- TASK
Each entry below is to be written out exactly, and the pictures are to be left out.
§ §
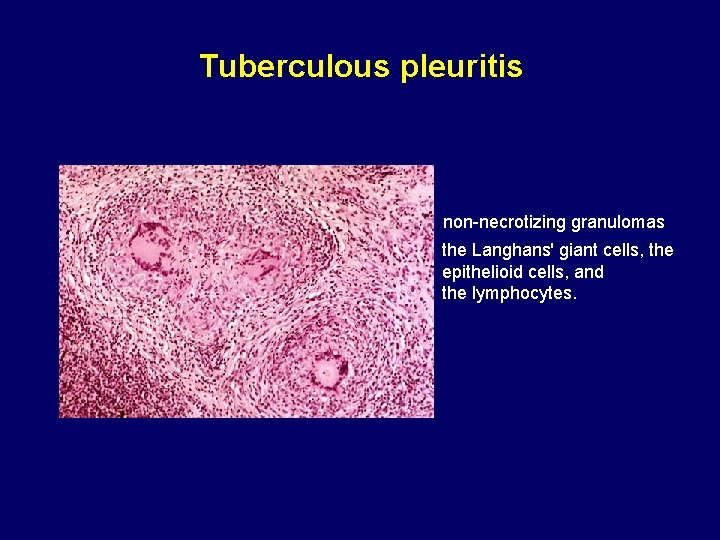 Tuberculous pleuritis non-necrotizing granulomas the Langhans' giant cells, the epithelioid cells, and the lymphocytes.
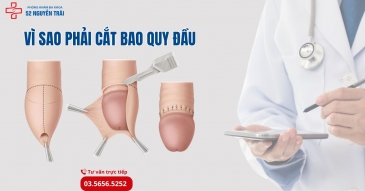 Vì sao phải cắt bao quy đầu?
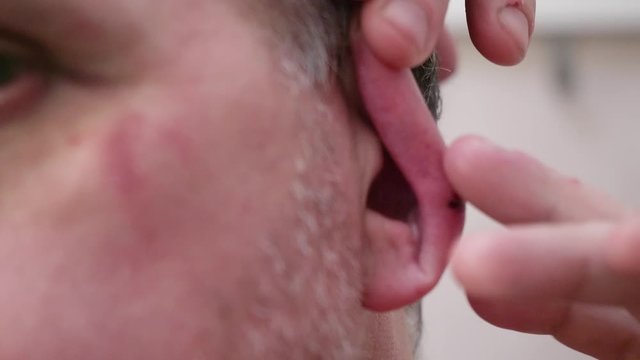 Caucasian man examines bruise in his ear in mirror. Extreme Close-up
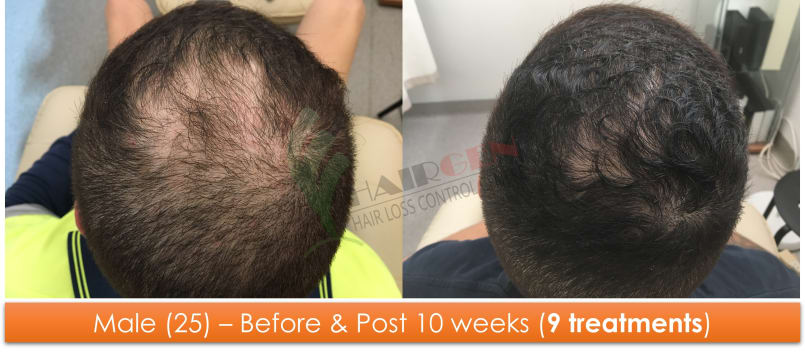 Plk5g7shubrc7y0p8ajb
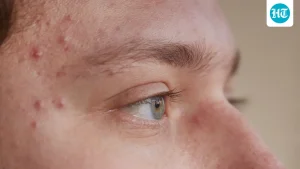 Experienced acne breakouts right before major events? Physician Dr Kunal Sood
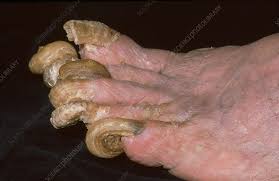 Image result for Onychogryphosis feet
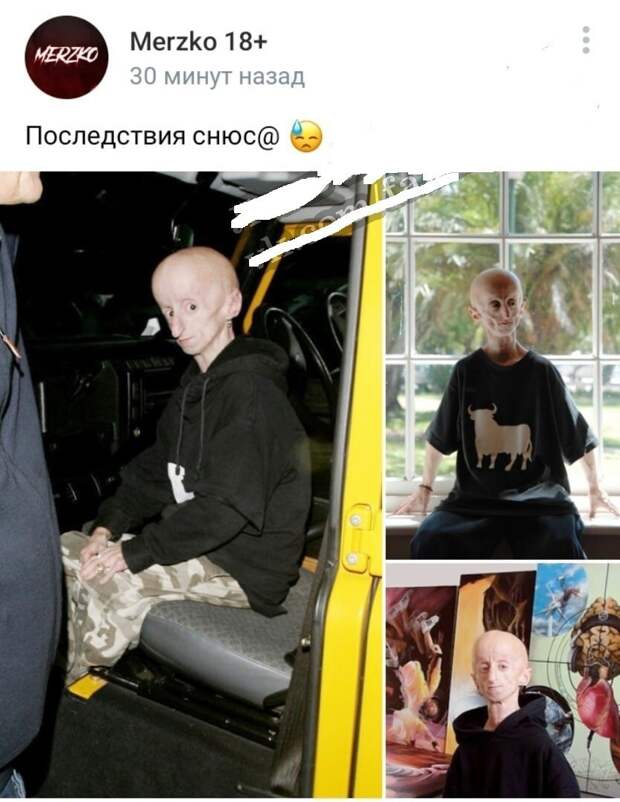 Это художник и музыкант Леон Бота и у него редкая болезнь прогерия и никакого снюса Это художник и музыкант Леон Бота и у него редкая болезнь прогерия и никакого снюса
§ §
- OUTPUT OF THE EXERCISE
 Tuberculous pleuritis non-necrotizing granulomas the Langhans' giant cells, the epithelioid cells, and the lymphocytes.
 Vì sao phải cắt bao quy đầu?
 Caucasian man examines bruise in his ear in mirror. Extreme Close-up
 Plk5g7shubrc7y0p8ajb
 Experienced acne breakouts right before major events? Physician Dr Kunal Sood
 Image result for Onychogryphosis feet
 Это художник и музыкант Леон Бота и у него редкая болезнь прогерия и никакого снюса Это художник и музыкант Леон Бота и у него редкая болезнь прогерия и никакого снюса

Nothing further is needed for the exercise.